ACTION ITEM: After locating the line with "this 350×262 image." below, output it and each following line exactly, stopping after the line with "this 1280×853 image.". No pictures.

STUDY MATERIAL:
************

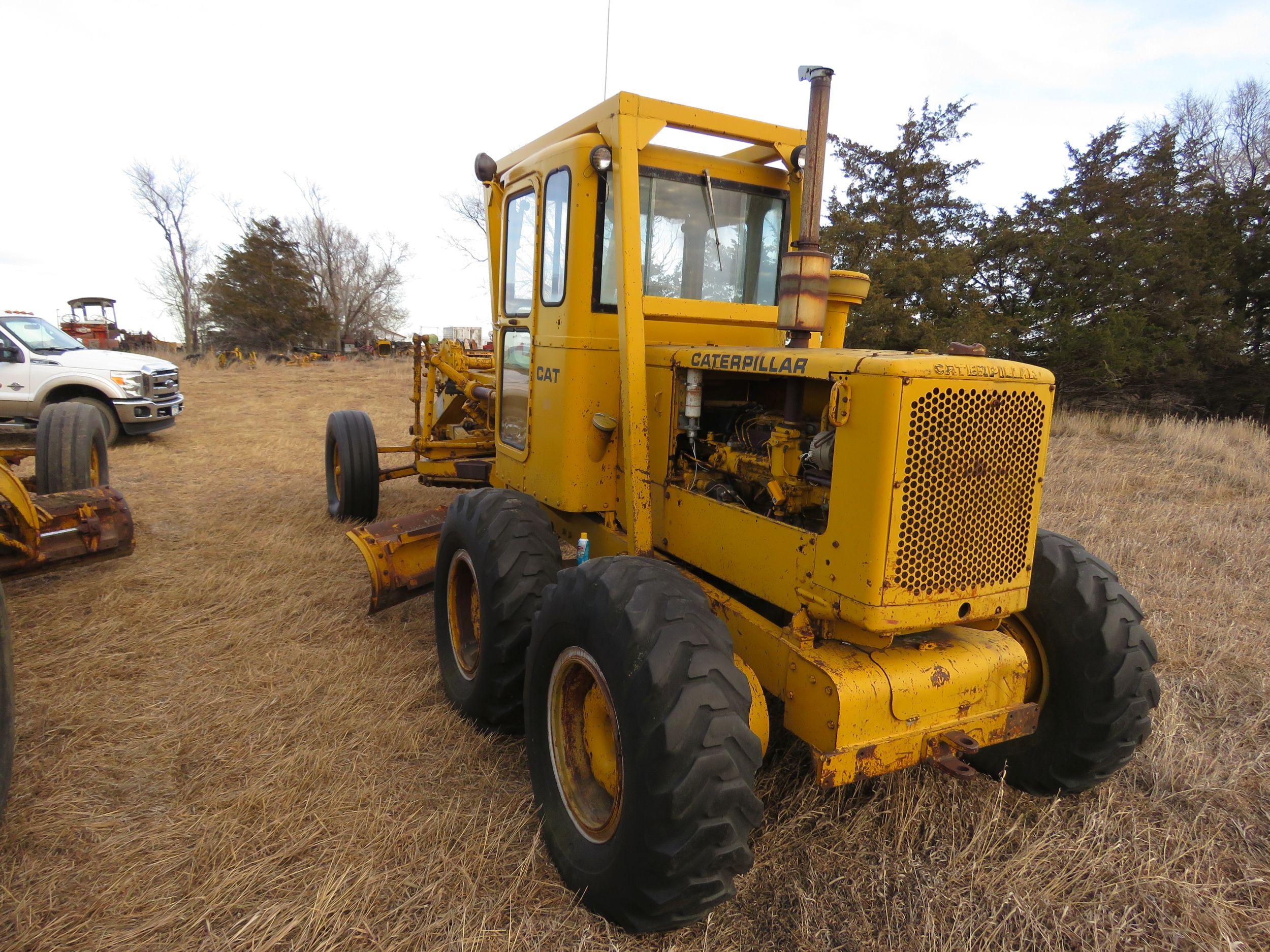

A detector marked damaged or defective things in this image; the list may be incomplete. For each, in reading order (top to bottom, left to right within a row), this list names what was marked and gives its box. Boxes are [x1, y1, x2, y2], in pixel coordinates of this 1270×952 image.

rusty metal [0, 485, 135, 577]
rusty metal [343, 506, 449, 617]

************

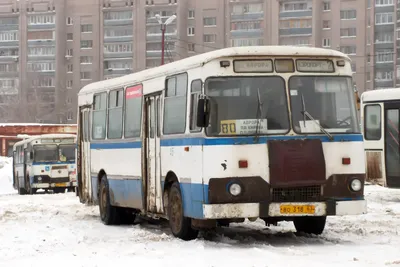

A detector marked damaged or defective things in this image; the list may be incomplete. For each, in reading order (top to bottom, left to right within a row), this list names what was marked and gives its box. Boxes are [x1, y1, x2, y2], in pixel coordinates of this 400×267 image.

************

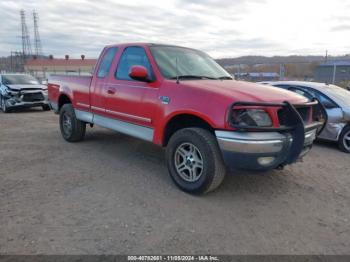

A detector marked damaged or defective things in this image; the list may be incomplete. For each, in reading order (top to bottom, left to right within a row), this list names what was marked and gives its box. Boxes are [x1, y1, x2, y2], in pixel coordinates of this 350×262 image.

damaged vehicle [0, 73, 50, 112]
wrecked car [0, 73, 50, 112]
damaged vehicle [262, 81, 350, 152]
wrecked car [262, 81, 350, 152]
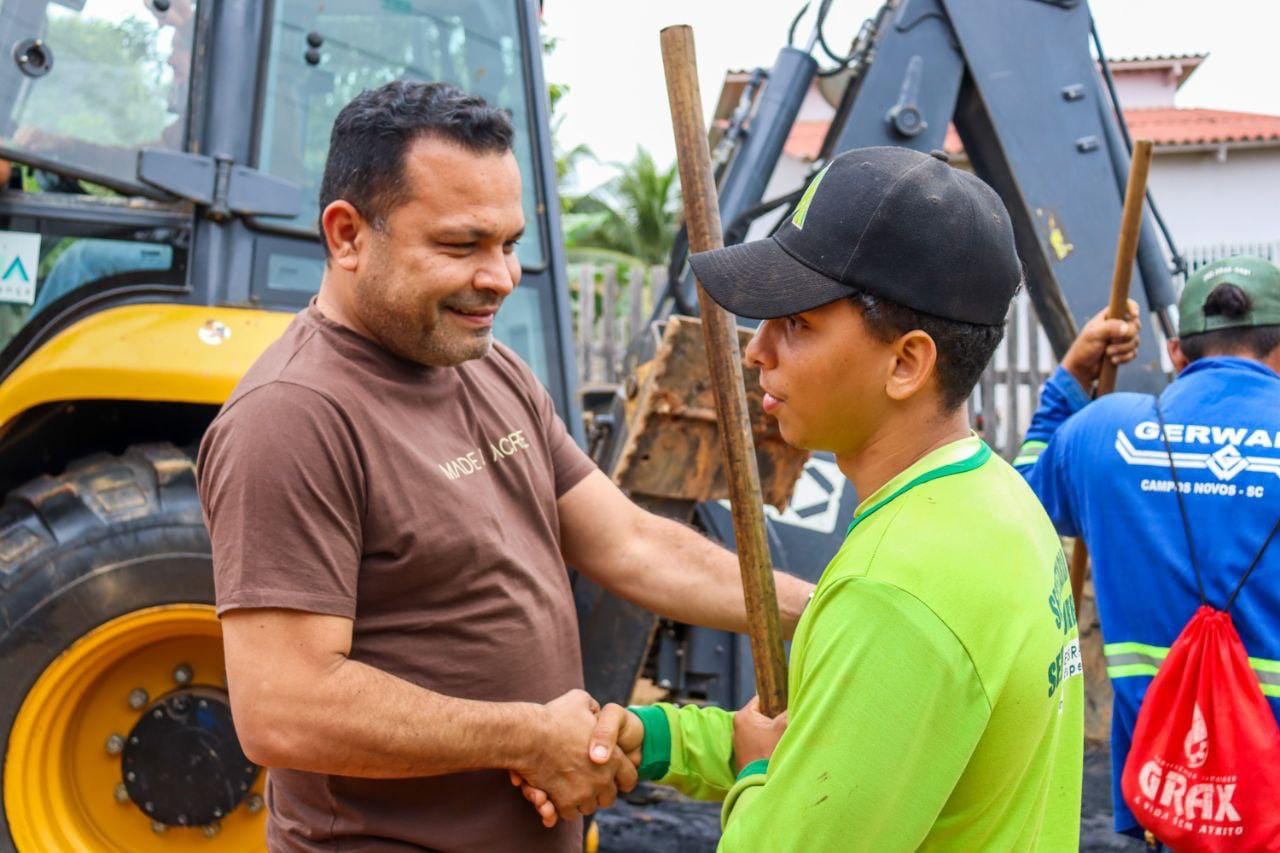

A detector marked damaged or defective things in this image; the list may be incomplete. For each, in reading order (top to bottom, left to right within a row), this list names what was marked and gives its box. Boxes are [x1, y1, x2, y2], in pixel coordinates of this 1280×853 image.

************

SOLUTION:
A detector marked damaged or defective things in this image; the list may be incomplete. For each, in reading order (top to bottom, left to right within a row), this list names what was marked and gives its box. Boxes are [x1, y1, x2, y2], in pixel coordinates of this 350×262 image.

damaged vehicle [0, 73, 50, 112]
wrecked car [0, 73, 50, 112]
damaged vehicle [262, 81, 350, 152]
wrecked car [262, 81, 350, 152]

A detector marked damaged or defective things in this image; the list may be incomplete. For each, in reading order (top to bottom, left to right within a row), this list names what was marked and gives its box. Boxes are [x1, y1, x2, y2], in pixel coordinates of this 1280×853 image.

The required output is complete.